Problem to solve:
With the material below, print exactly the lines between the line holding "Nappy Babies &" and the line holding "Botanica Eight Light Pendant (523858WGL)", inclusive. Add nothing else.

Data extract:
━━━

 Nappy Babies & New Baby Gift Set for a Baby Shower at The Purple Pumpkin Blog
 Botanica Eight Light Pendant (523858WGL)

━━━

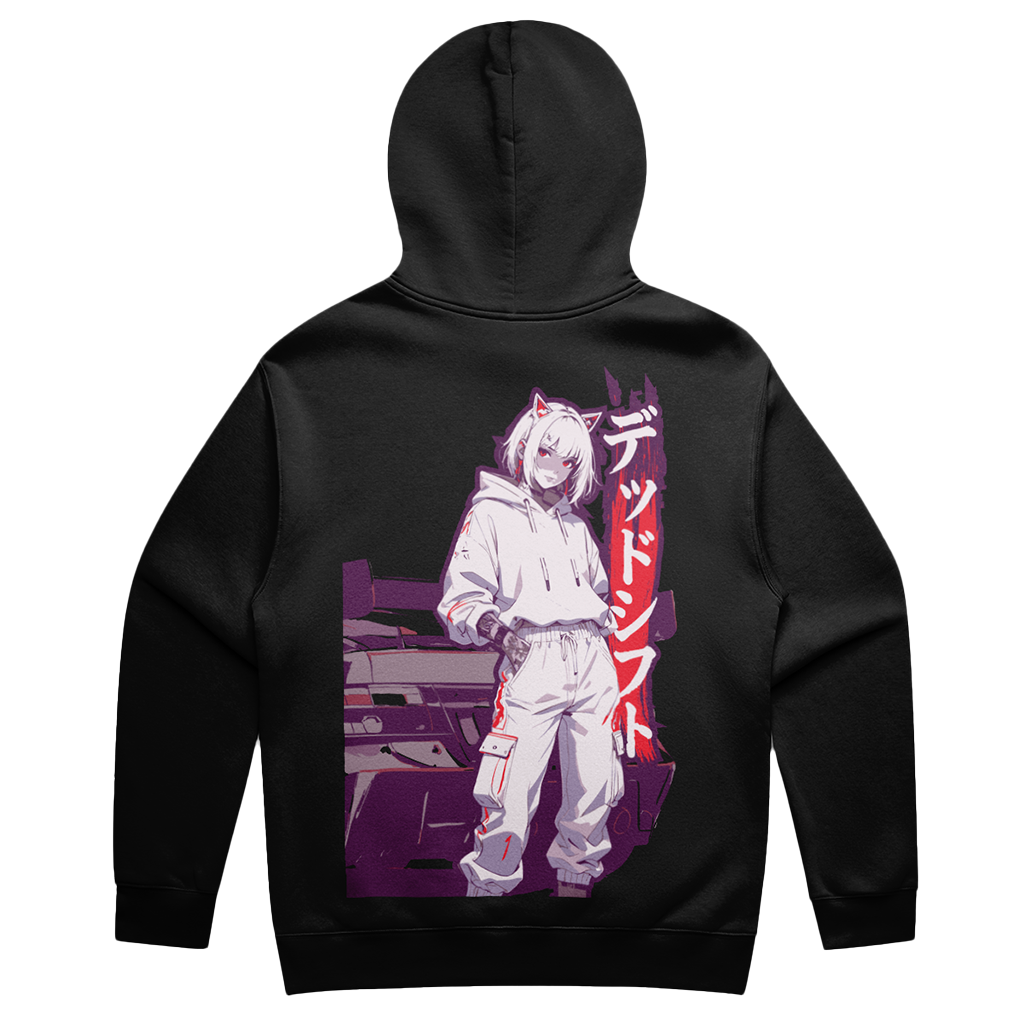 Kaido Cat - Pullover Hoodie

━━━

Output for this task:
 Nappy Babies & New Baby Gift Set for a Baby Shower at The Purple Pumpkin Blog
 Botanica Eight Light Pendant (523858WGL)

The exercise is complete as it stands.